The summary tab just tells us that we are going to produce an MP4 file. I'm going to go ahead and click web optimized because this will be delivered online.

--

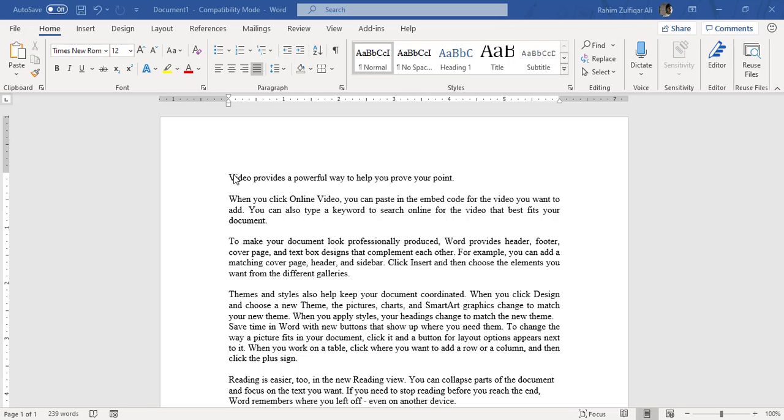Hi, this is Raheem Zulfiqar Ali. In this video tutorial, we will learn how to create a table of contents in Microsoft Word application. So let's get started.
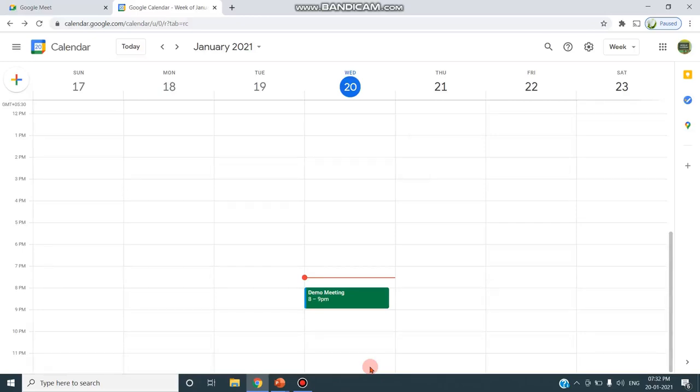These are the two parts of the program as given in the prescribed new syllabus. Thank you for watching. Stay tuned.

▶ [Task objective]: In the listing above, find the line with "Hi, this is" and the line with "These are the". Copy both of them and every line between, exactly, but not the pictures.

▶ [Exercise solution]:
Hi, this is Raheem Zulfiqar Ali. In this video tutorial, we will learn how to create a table of contents in Microsoft Word application. So let's get started.
These are the two parts of the program as given in the prescribed new syllabus. Thank you for watching. Stay tuned.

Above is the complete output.